Dec. 31 will mark the official end of Mayor Jim Gourley’s 24-year career as a member of the Sweet Home City Council.

The city will host a farewell reception for Gourley from 4 to 6 p.m. Friday, Dec. 16, in the City Hall Annex, located behind City Hall, 1140 12th Ave., and he led his final regular council meeting Tuesday.

Gourley says he would like to start concentrating on other things after such a long tenure with the council, requiring many hours and days of service each month.

He first won office in 1992.

“We had the timber supply issues,” he said. “We had a job crisis. We had been working on that for awhile and kind of how to keep the community going forward.”
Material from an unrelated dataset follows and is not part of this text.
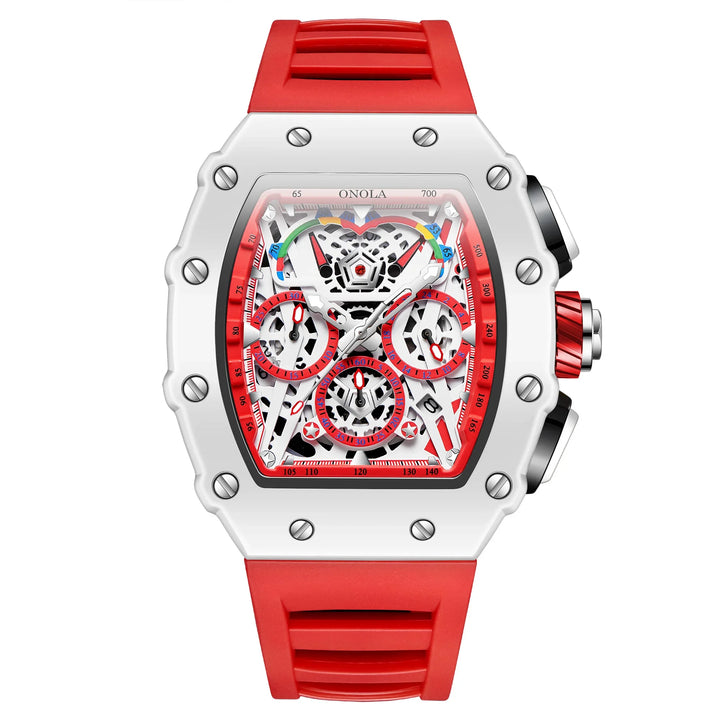 Lornex™ Watch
The city was also dealing with funding issues related to 1990’s Measure 5, which capped property tax rates, and then further property tax limits in measures 47 and 50 during the mid-1990s.

Gourley recalled how the council had to deal with budget crunches during that time. He joined the council at a time it was expanding the Wastewater Treatment Plant to address inflow and infiltration issues that overload the plant. The city has continued to deal with that issue since then and is now considering another expansion of the plant.

“I wanted to start being more involved in my community,” Gourley said. “I felt that the best way to do that was to start working with the community to move forward with jobs and protect the jobs we had.”

The council’s still seeking and working on solutions to that problem today today.

“I think we need to concentrate more on how to work regionally on jobs, which is what we’ve started doing with some of these regional councils,” Gourley said. “I think we’re struggling, but we have a plan. We’re moving forward in the right direction.

“We have more people on board than we’ve ever had. We have great opportunities, and I think we can make a strong showing if we continue.”

Gourley said he still has projects he’s interested in seeing through.

“I’ll stay involved in all the activities that we have going and see when I can interject myself in the community,” he said. “I am going to continue to work in the community, whether it’s the School District, city or service groups, or however it goes. There’s a lot of things that need to be done in our community.”

His interest in continuing to serve in the community rests in what is probably his biggest frustration as a councilor: “not being able to fix everything I would like to have fixed, knowing some things take a lot of time to work through. That is frustrating.”

To that end, for the council continuing forward, he urges the council “to not give up, to work on projects – because it does take time.”

As a high school student, he remembers working on Ames Creek restoration projects with his science teacher, he said. Efforts to restore Ames Creek continue to this day.

“Sometimes those things take a long time,” Gourley said. “We shouldn’t get frustrated.”

On the flip side, Gourley said, “I think what I enjoyed most was being able to work together with other members to come to solutions.”

Gourley is a millwright at Cascade Pacific Pulp in Halsey, where he has worked since 1988.

He will be succeeded on the council by his wife Lisa Gourley, who won election in November. She will officially begin her term on Jan. 1.

Gourley is a fifth-generation Sweet Home native. Lisa Gourley is sixth-generation, descended from Moses Splawn, who was the first to settle Crawfordsville. They have four adult children – James, Cindy, Laura and Kim – and several grandchildren.

He and his wife are different people with different styles, Jim Gourley said.

“Lisa’s very intelligent. She can do a very good job, and she can bring very different ideas into the council.

“We may have the same goals in mind,” Gourley said. “But she gets there in different ways.”